Work to complete: All of the entries need to be printed again exactly; pictures are the only thing to omit.
Segment Start: Supplied material
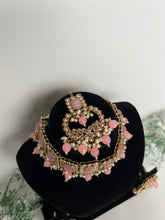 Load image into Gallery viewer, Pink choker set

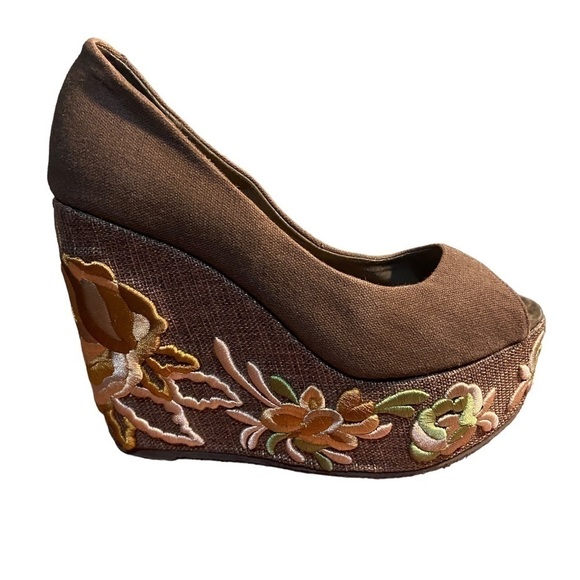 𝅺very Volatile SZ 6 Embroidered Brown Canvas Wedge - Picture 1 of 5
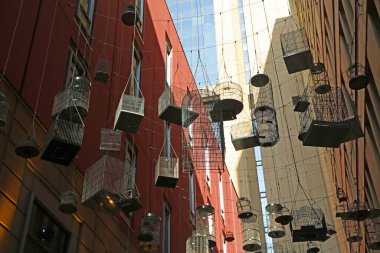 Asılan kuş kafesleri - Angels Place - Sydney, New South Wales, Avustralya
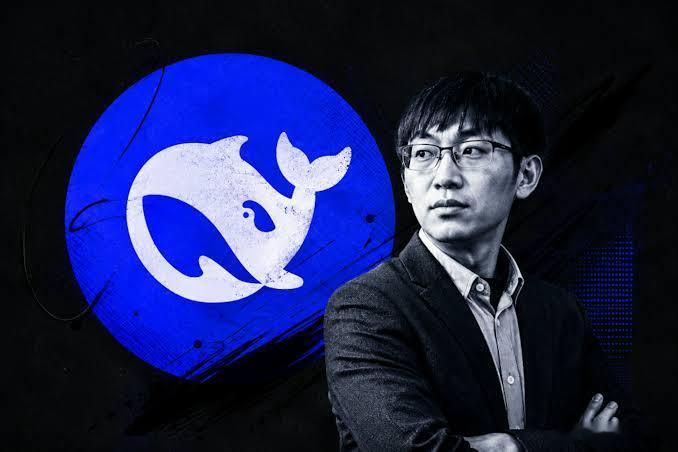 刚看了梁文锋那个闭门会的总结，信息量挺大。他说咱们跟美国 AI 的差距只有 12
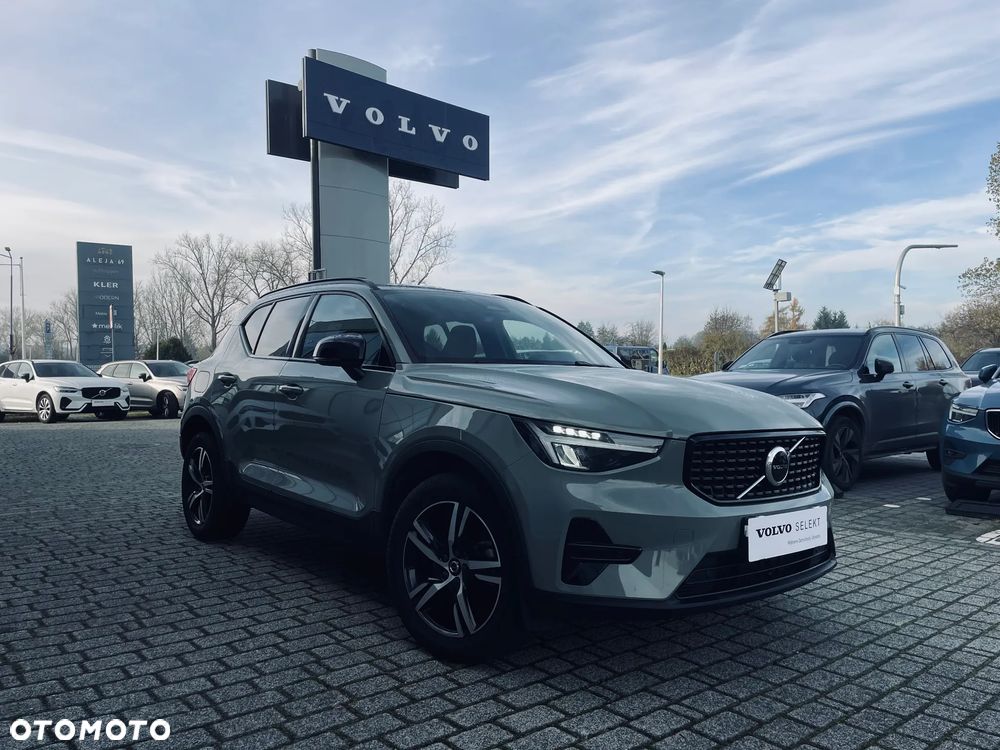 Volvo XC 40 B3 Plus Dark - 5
Segment End: Supplied material
Reply:
 Load image into Gallery viewer, Pink choker set

 𝅺very Volatile SZ 6 Embroidered Brown Canvas Wedge - Picture 1 of 5
 Asılan kuş kafesleri - Angels Place - Sydney, New South Wales, Avustralya
 刚看了梁文锋那个闭门会的总结，信息量挺大。他说咱们跟美国 AI 的差距只有 12
 Volvo XC 40 B3 Plus Dark - 5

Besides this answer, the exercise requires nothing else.